Babelmed is a non profit organisation established in Rome in April 2001. Its main objective is to promote cultural exchanges between the countries surrounding the Mediterranean Sea and to spread information and ideas around the area.

In 2002, the association launched Babelmed.net, which aims to be a link between people, events and cultural production in the Mediterranean and to provide independent information on a range of issues. It is run by a central editorial team in Rome and a network of 17 correspondents around the Mediterranean Basin.

== Philosophy ==

The name "babelmed" refers to the Mediterranean "med" and its cultural diversity "babel". "Bab" is also the Arabic word for "door". Languages featured on the site are mainly French and English, and partly Arabic. Articles in the different country sections are presented in their original languages.

The organisation's output emphasises the close connections between Western European countries and Muslim Mediterranean countries through history, cultural roots, and mutual fertilisation of music, literature and films, on the basis that the cultural dimensions of these broad subjects plays a key role towards improving mutual understanding and reducing tensions.

== Content ==

Babelmed focuses on culture, broadly defined. The content of the site is divided into several sections: cultural agenda, press review, features, creations and archives. Each section is then divided into sub-sections such as Visual Arts, Performing arts, Literature, and so on. The site also contains on-line and interactive exhibitions, such as "Syria, in the eyes of Europe, or "The sense of commerce". Social and political issues are covered from a cultural point of view, attempting to promote cross-cultural understanding of national or local phenomena.

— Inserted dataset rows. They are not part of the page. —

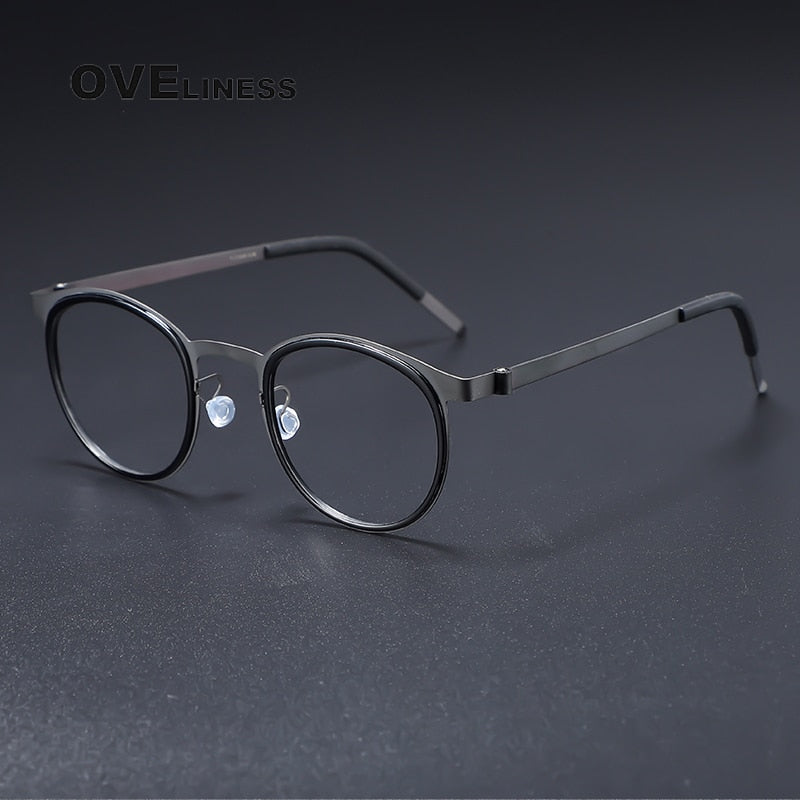 Oveliness Men's Full Rim Round Acetate Titanium Eyeglasses 9704 Full Rim Oveliness black gun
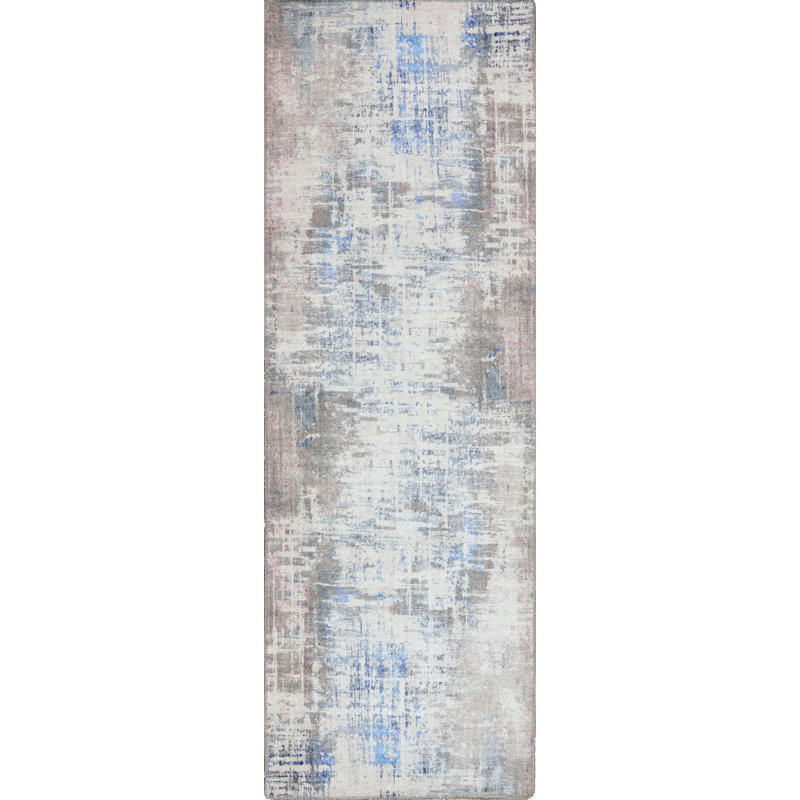 Tapis Pomonok London Elements, Tapis de couloir 2 pi 6 po x 7 pi 6 po, Bleu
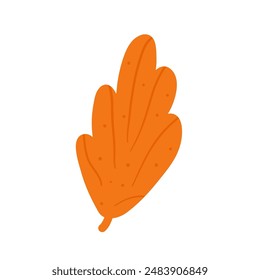Hoja de otoño aislada sobre fondo blanco. Forma de follaje del bosque de otoño. Vector dibujado a mano ilustración plana.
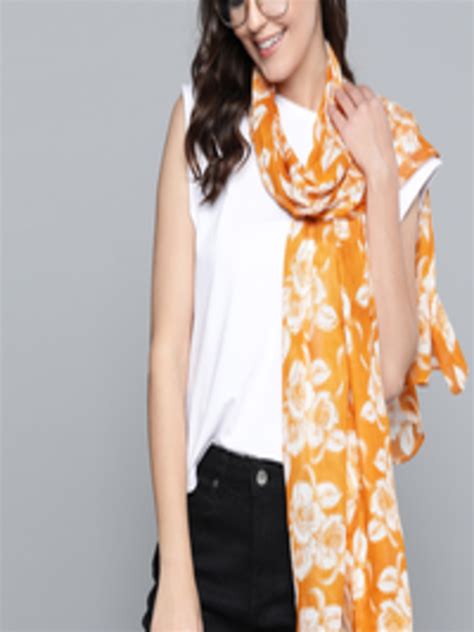 Buy Mast And Harbour Women Mustard Yellow And White Printed Scarf Scarves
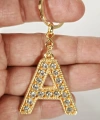 Taşlı A Harfi Gold Metal Anahtarlık – Kişisel Stil, Zarif Işıltı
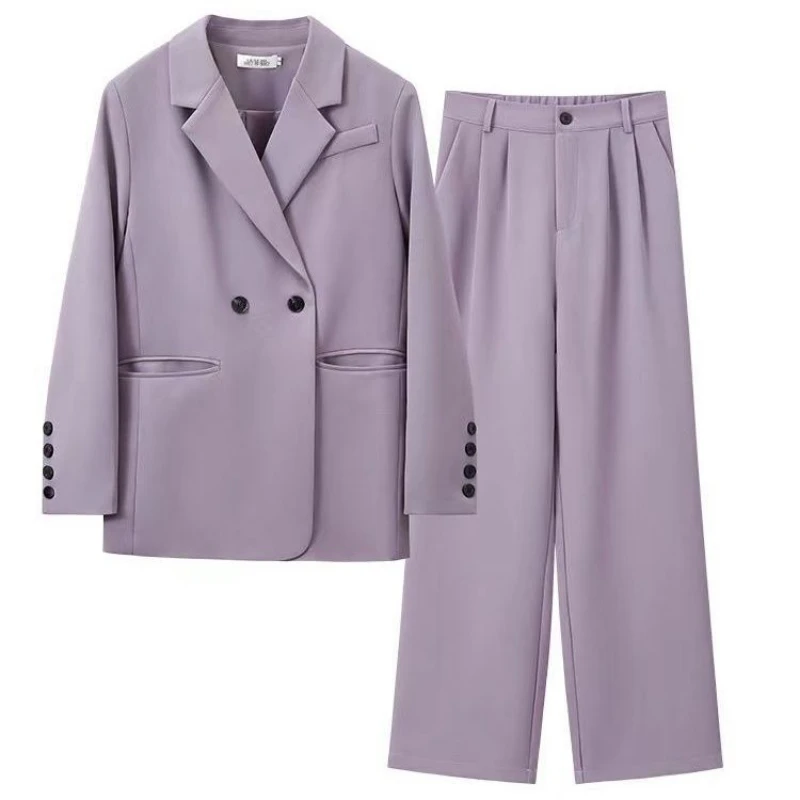 Jinsen Aite 2PCS Women Suits Office Sets New Fashion Long Sleeve casual Blazer Women Chic Vintage Solid Suits Pants Set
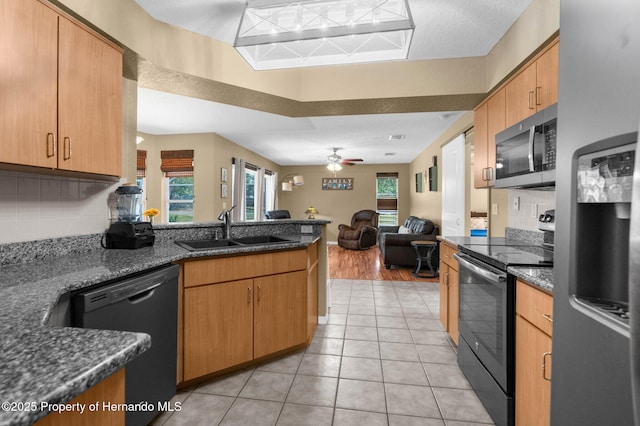 14031 Hexam Rd, Brooksville, FL 34613 - kitchen featuring appliances with stainless steel finishes, a peninsula, a sink, open floor plan, and ceiling fan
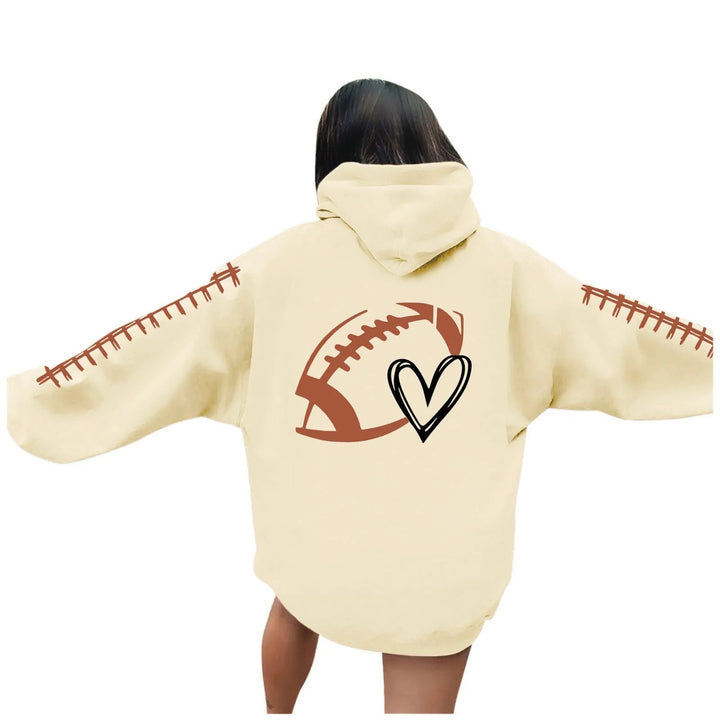 Sweat à capuche pour femmes avec motif de football créatif et coupe décontractée Chic & Stil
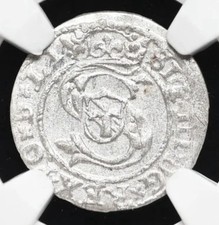 LIVONIA 1598 Teutonic Knights Riga Poland Medieval Silver Schilling 1S NGC MS picture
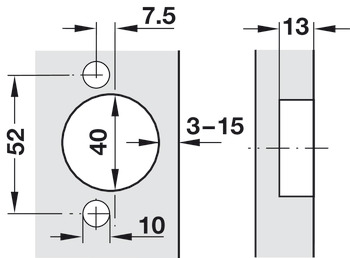 Topfscharnier, Häfele Duomatic 94°, für Holztüren bis 40 mm, Mittel-/Zwillingsanschlag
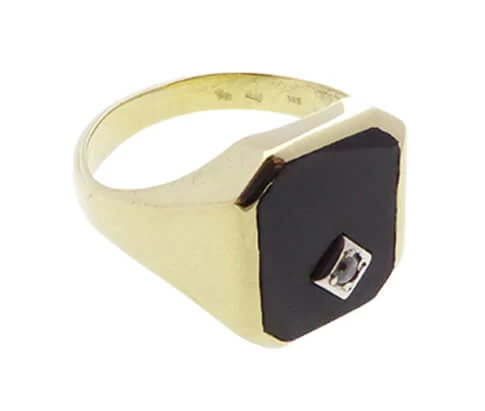 Geel gouden ring met zirkonia en onyx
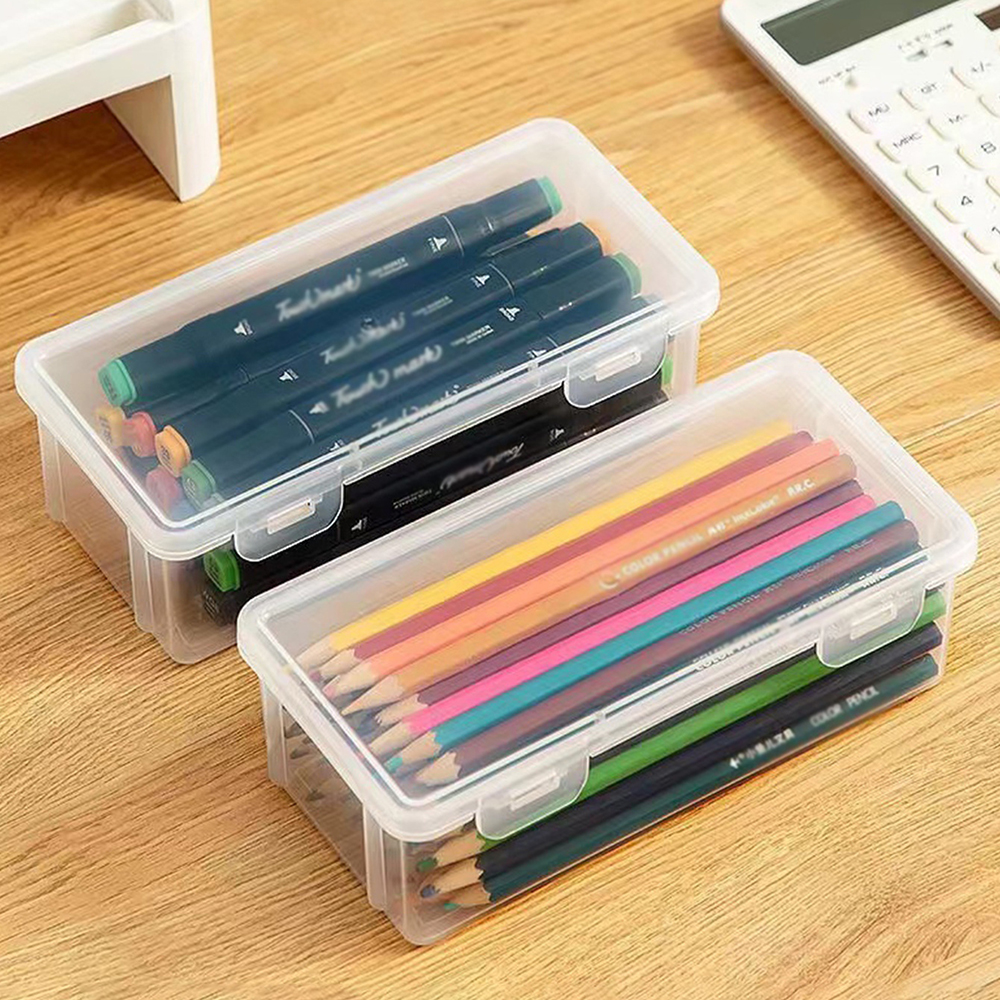 Pencil Case Box for Students, Transparent Plastic Pencil Box, Storage Case for Pencil Sundries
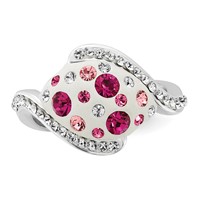Sterling Silver Pink and White Stellux Crystal Ring view 5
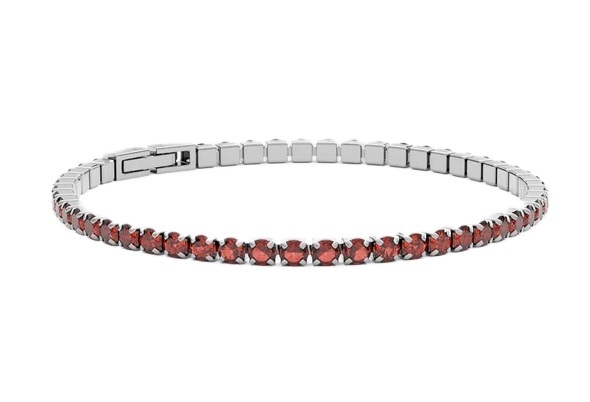 Tenisový náramek s červenými krystaly Swarovski SB-CHERRYTENNIS-S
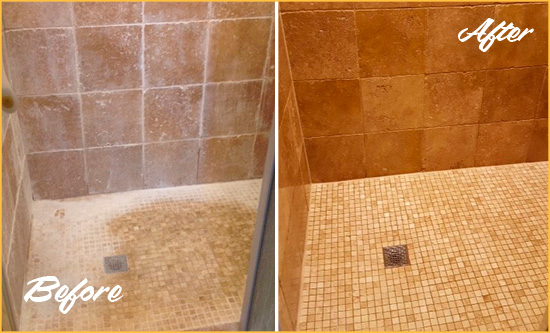 Before and After Picture of a Palm Beach Shores Travertine Shower Honed to Remove Mineral Deposits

Permanent sections deal with specific themes: Films, Books and CDs, Impressions, Travels, Cooking Chronicles, Poetry, Geoart. The content of the site is also available by country, with a research engine to help find specific articles on the site from their source. The site also carries features on the central issues of Mediterranean cultures, sorted by main themes (women, migration, war, cuisine, for example) or by geographical locations.

== Editorial line ==

Babelmed's main goal is to provide politically independent information on cultural issues in the Mediterranean region. It is an independent organisation that does not belong to any media group and has no link with any political, professional or religious body. It operates with subsidies from foundations promoting cultural dialogue and freedom of expression around the Mediterranean.

The organisation has partnerships with more than 300 cultural institutions in the Mediterranean, such as Publishing houses, media, cultural institutions, museums, festivals, Independent places of creation and performance. Other links have been developed with sites such as Medi1, Confluences Méditerranée, Actes Sud, Radio Orient, and Qantara.de.